## DATA LISTING
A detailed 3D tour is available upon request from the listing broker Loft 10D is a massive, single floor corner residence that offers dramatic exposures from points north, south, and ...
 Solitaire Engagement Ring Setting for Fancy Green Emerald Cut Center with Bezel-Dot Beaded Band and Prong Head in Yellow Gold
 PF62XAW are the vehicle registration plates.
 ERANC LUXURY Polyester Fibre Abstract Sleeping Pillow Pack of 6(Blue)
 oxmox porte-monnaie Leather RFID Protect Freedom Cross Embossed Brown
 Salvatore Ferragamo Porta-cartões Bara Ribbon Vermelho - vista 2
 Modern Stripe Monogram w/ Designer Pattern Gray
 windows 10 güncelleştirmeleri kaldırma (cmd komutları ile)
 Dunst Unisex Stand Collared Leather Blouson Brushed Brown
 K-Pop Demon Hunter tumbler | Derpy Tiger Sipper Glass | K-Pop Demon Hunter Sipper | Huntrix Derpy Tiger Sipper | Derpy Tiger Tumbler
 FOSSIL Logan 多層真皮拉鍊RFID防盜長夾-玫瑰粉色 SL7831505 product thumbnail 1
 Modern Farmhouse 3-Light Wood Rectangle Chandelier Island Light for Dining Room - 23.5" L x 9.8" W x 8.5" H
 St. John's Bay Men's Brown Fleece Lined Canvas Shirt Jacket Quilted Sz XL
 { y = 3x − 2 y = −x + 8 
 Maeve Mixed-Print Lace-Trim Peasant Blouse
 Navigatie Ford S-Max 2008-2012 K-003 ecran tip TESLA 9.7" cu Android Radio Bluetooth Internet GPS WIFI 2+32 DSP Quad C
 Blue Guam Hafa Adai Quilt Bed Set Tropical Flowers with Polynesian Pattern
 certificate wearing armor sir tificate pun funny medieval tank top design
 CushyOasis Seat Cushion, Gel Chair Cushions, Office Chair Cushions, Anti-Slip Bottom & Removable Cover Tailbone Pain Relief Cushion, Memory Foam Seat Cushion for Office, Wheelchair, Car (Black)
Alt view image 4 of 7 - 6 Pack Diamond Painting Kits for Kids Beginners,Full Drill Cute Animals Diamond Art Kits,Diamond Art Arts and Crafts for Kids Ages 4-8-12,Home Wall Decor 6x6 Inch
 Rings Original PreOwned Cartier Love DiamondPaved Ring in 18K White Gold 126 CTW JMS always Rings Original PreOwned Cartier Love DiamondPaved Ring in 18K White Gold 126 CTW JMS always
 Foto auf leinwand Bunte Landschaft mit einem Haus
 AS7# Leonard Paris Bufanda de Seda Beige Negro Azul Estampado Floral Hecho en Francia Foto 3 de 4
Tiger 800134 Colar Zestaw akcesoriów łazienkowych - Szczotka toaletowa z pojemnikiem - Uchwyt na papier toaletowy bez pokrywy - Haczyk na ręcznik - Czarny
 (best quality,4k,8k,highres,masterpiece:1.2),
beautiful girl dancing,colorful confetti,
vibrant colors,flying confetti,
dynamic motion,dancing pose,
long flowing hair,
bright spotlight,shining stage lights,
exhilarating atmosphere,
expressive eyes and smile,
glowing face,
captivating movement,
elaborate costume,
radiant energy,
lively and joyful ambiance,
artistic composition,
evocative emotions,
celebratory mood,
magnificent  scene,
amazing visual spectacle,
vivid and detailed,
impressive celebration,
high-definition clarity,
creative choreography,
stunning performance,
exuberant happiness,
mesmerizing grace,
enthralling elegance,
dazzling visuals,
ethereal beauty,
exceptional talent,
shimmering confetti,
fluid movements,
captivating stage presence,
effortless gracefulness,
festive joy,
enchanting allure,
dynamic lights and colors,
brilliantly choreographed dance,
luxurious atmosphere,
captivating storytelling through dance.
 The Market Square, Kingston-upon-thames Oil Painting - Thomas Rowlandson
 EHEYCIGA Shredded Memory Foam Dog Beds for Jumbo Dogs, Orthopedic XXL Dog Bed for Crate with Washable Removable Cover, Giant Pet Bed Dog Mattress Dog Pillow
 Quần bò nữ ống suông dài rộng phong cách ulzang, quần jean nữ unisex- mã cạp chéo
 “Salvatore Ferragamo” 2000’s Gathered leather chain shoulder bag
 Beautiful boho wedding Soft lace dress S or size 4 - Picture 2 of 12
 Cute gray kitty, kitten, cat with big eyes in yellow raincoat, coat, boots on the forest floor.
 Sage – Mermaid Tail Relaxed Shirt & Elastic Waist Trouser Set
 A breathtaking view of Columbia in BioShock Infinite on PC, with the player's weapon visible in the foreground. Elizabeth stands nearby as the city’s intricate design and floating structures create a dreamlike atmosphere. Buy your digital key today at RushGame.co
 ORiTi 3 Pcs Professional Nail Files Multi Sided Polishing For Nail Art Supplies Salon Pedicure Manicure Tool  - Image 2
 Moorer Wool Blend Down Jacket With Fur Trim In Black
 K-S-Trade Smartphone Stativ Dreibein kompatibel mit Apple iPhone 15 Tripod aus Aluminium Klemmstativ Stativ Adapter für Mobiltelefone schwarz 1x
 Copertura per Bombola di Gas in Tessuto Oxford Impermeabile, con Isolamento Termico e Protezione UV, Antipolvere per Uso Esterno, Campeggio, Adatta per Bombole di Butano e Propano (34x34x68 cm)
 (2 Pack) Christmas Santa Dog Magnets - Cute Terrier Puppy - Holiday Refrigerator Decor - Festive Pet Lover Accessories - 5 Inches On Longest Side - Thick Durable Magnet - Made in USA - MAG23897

## BRIEF
Send back exactly, with nothing added, the lines from the first line of the material above through the line holding "Maeve Mixed-Print Lace-Trim Peasant Blouse"; both ends are included.

## RESULT OF THIS EXERCISE
A detailed 3D tour is available upon request from the listing broker Loft 10D is a massive, single floor corner residence that offers dramatic exposures from points north, south, and ...
 Solitaire Engagement Ring Setting for Fancy Green Emerald Cut Center with Bezel-Dot Beaded Band and Prong Head in Yellow Gold
 PF62XAW are the vehicle registration plates.
 ERANC LUXURY Polyester Fibre Abstract Sleeping Pillow Pack of 6(Blue)
 oxmox porte-monnaie Leather RFID Protect Freedom Cross Embossed Brown
 Salvatore Ferragamo Porta-cartões Bara Ribbon Vermelho - vista 2
 Modern Stripe Monogram w/ Designer Pattern Gray
 windows 10 güncelleştirmeleri kaldırma (cmd komutları ile)
 Dunst Unisex Stand Collared Leather Blouson Brushed Brown
 K-Pop Demon Hunter tumbler | Derpy Tiger Sipper Glass | K-Pop Demon Hunter Sipper | Huntrix Derpy Tiger Sipper | Derpy Tiger Tumbler
 FOSSIL Logan 多層真皮拉鍊RFID防盜長夾-玫瑰粉色 SL7831505 product thumbnail 1
 Modern Farmhouse 3-Light Wood Rectangle Chandelier Island Light for Dining Room - 23.5" L x 9.8" W x 8.5" H
 St. John's Bay Men's Brown Fleece Lined Canvas Shirt Jacket Quilted Sz XL
 { y = 3x − 2 y = −x + 8 
 Maeve Mixed-Print Lace-Trim Peasant Blouse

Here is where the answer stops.